On schedulers you should see two clusters: the same one as above, and another one only containing schedulers.

8. Configure the client

If you ran Terraform with -var public_nlb=false, you will need an EC2 instance in the cluster’s VPC or a machine in a peered network.

(If you ran Terraform with -var public_nlb=true, then anyone can connect to the service through the public address. Consider all security risks before choosing this option.)

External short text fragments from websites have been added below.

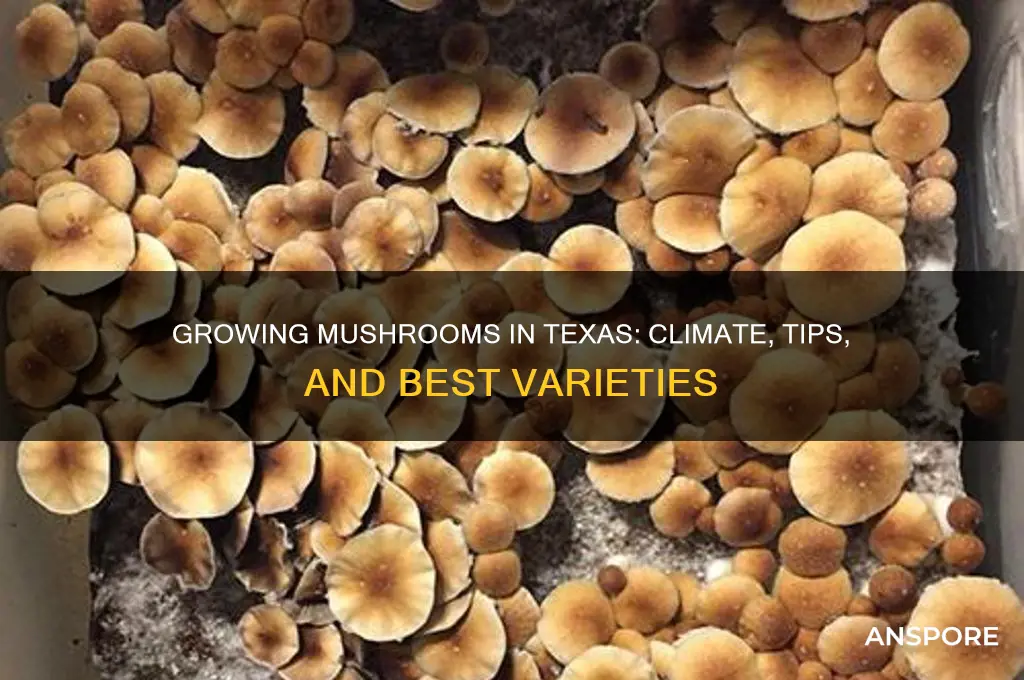 can you grow mushrooms in texas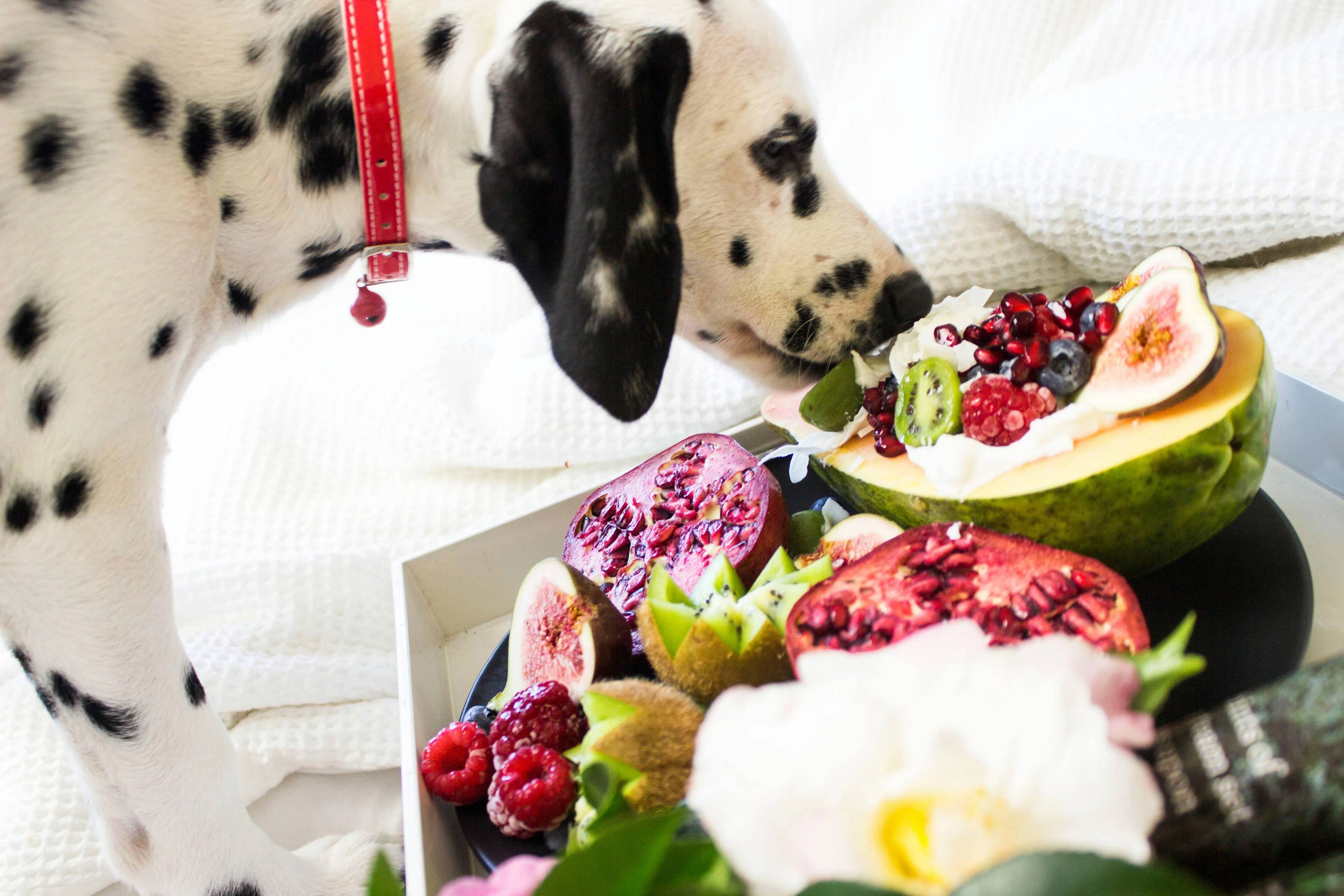 Cibo ideale per il tuo cane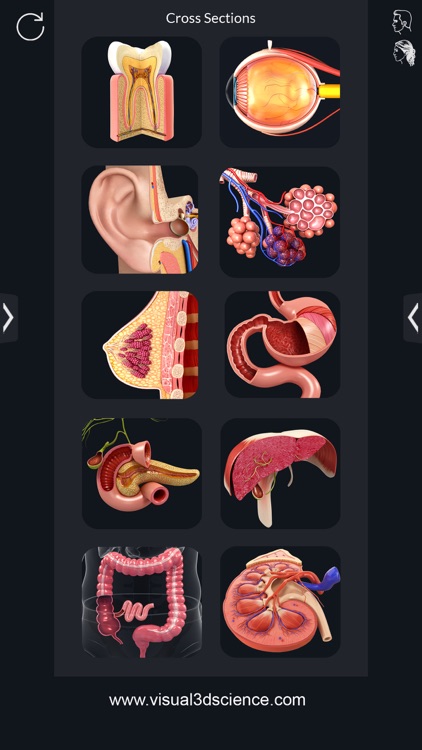 Organs Anatomy
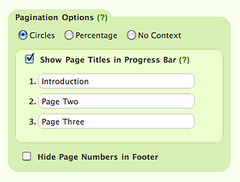 Pagination Options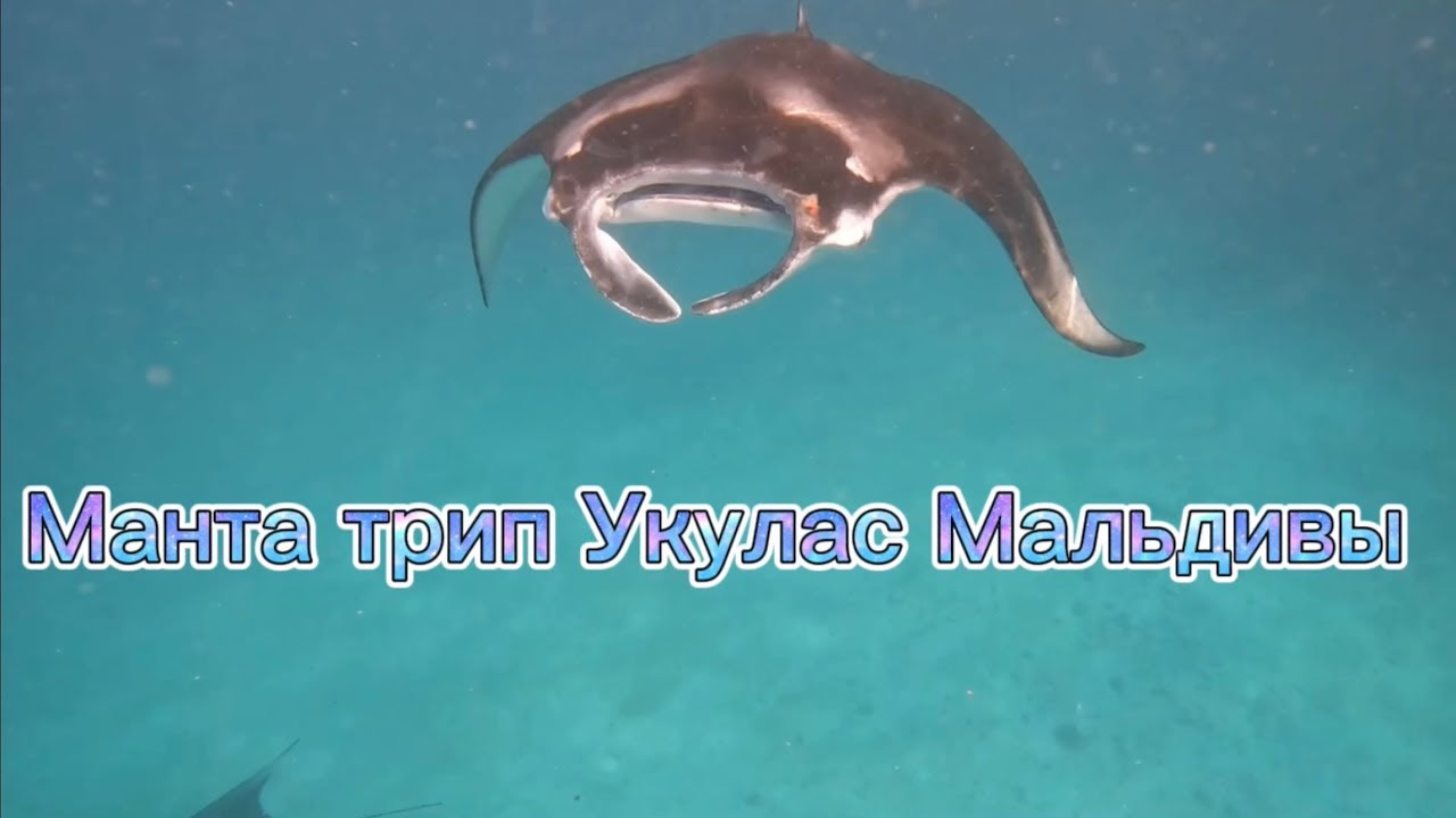 Мальдивы. Укулас, Манта трип 2023. смотреть онлайн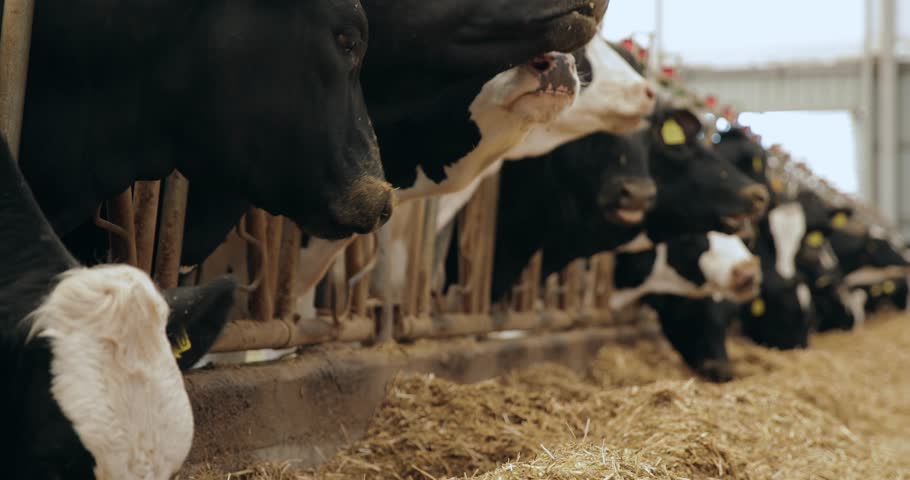 Slow motion dairy cows feeding along indoor barn trough in livestock.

  1. Install Docker, git, and Bazel.

    $ sudo apt install -y git docker.io
    
    $ sudo adduser $(whoami) docker
    
    $ curl -L -o bazel https://github.com/bazelbuild/bazel/releases/download/3.3.0/bazel-3.3.0-linux-x86_64
    
    $ git clone https://github.com/EngFlow/example
    
    $ chmod +x bazel
    
  2. Add a mapping from the load balancer IP to demo.engflow.com.

    $ sudo vi /etc/hosts
    

    Add the IP printed by Terraform:

    10.0.1.10  demo.engflow.com
    
  3. Log out and log in again

9. Run a build

Run in a terminal:

$ cd example

$ ../bazel build --config=engflow //java/...

Note: the first build can take a while as Bazel first downloads the docker image locally, and the cluster software then downloads the docker image on each worker. You will not see a performance improvement for builds of the example project; it is too small to benefit from the remote execution cluster.

2021-09-21